▶ _Requirement_
Every entry below needs to be repeated exactly.

Content starts

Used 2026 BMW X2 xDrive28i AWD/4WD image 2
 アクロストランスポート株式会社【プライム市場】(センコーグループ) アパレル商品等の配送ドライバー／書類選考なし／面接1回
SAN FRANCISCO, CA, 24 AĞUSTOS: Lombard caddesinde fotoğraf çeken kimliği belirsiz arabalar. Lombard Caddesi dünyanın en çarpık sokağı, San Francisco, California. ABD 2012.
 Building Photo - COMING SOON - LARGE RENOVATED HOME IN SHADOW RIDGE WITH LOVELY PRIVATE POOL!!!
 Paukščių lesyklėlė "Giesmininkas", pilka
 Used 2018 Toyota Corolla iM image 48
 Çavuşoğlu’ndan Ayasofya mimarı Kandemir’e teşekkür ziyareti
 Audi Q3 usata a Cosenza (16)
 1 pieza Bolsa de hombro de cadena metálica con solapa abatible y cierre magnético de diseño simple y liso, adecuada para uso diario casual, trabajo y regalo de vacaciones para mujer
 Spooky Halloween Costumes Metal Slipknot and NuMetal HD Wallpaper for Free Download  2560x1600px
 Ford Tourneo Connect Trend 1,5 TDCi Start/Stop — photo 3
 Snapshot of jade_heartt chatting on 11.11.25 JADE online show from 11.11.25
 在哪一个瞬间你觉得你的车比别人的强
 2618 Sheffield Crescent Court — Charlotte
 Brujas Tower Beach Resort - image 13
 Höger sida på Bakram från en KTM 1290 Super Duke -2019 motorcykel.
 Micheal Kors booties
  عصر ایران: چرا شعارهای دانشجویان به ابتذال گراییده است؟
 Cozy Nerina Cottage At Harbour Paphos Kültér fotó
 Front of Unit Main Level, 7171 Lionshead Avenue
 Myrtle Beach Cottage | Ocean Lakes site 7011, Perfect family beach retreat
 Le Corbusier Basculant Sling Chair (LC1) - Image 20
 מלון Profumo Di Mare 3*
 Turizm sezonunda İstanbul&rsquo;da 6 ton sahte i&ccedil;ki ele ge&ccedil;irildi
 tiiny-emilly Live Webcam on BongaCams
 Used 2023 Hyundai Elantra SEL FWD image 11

Content ends

▶ _Answer box_
Used 2026 BMW X2 xDrive28i AWD/4WD image 2
 アクロストランスポート株式会社【プライム市場】(センコーグループ) アパレル商品等の配送ドライバー／書類選考なし／面接1回
SAN FRANCISCO, CA, 24 AĞUSTOS: Lombard caddesinde fotoğraf çeken kimliği belirsiz arabalar. Lombard Caddesi dünyanın en çarpık sokağı, San Francisco, California. ABD 2012.
 Building Photo - COMING SOON - LARGE RENOVATED HOME IN SHADOW RIDGE WITH LOVELY PRIVATE POOL!!!
 Paukščių lesyklėlė "Giesmininkas", pilka
 Used 2018 Toyota Corolla iM image 48
 Çavuşoğlu’ndan Ayasofya mimarı Kandemir’e teşekkür ziyareti
 Audi Q3 usata a Cosenza (16)
 1 pieza Bolsa de hombro de cadena metálica con solapa abatible y cierre magnético de diseño simple y liso, adecuada para uso diario casual, trabajo y regalo de vacaciones para mujer
 Spooky Halloween Costumes Metal Slipknot and NuMetal HD Wallpaper for Free Download  2560x1600px
 Ford Tourneo Connect Trend 1,5 TDCi Start/Stop — photo 3
 Snapshot of jade_heartt chatting on 11.11.25 JADE online show from 11.11.25
 在哪一个瞬间你觉得你的车比别人的强
 2618 Sheffield Crescent Court — Charlotte
 Brujas Tower Beach Resort - image 13
 Höger sida på Bakram från en KTM 1290 Super Duke -2019 motorcykel.
 Micheal Kors booties
  عصر ایران: چرا شعارهای دانشجویان به ابتذال گراییده است؟
 Cozy Nerina Cottage At Harbour Paphos Kültér fotó
 Front of Unit Main Level, 7171 Lionshead Avenue
 Myrtle Beach Cottage | Ocean Lakes site 7011, Perfect family beach retreat
 Le Corbusier Basculant Sling Chair (LC1) - Image 20
 מלון Profumo Di Mare 3*
 Turizm sezonunda İstanbul&rsquo;da 6 ton sahte i&ccedil;ki ele ge&ccedil;irildi
 tiiny-emilly Live Webcam on BongaCams
 Used 2023 Hyundai Elantra SEL FWD image 11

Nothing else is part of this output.